EXERCISE OBJECTIVE ▸ In the entries below, find the line with "Semenný sad kokošovského duba" and print exactly every line from there up to and including the line with "Image by Travis Colbert", with no other lines.

MATERIAL PROVIDED ▸
╭──
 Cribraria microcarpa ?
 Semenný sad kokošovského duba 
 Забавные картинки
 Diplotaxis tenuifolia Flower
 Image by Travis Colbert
╰──
╭──
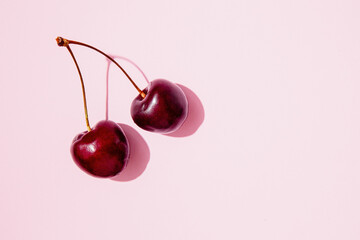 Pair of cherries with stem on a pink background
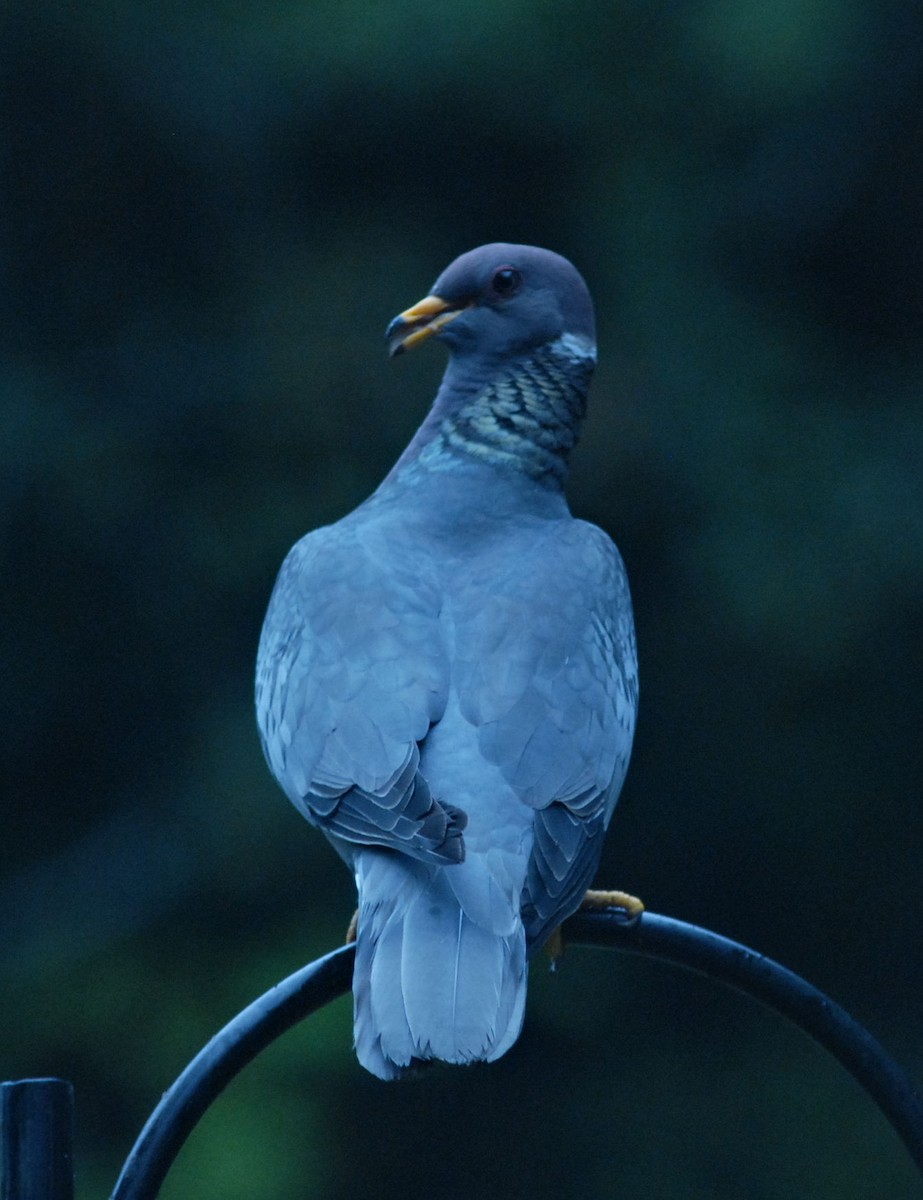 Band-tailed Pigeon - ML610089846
╰──
ANSWER ▸
 Semenný sad kokošovského duba 
 Забавные картинки
 Diplotaxis tenuifolia Flower
 Image by Travis Colbert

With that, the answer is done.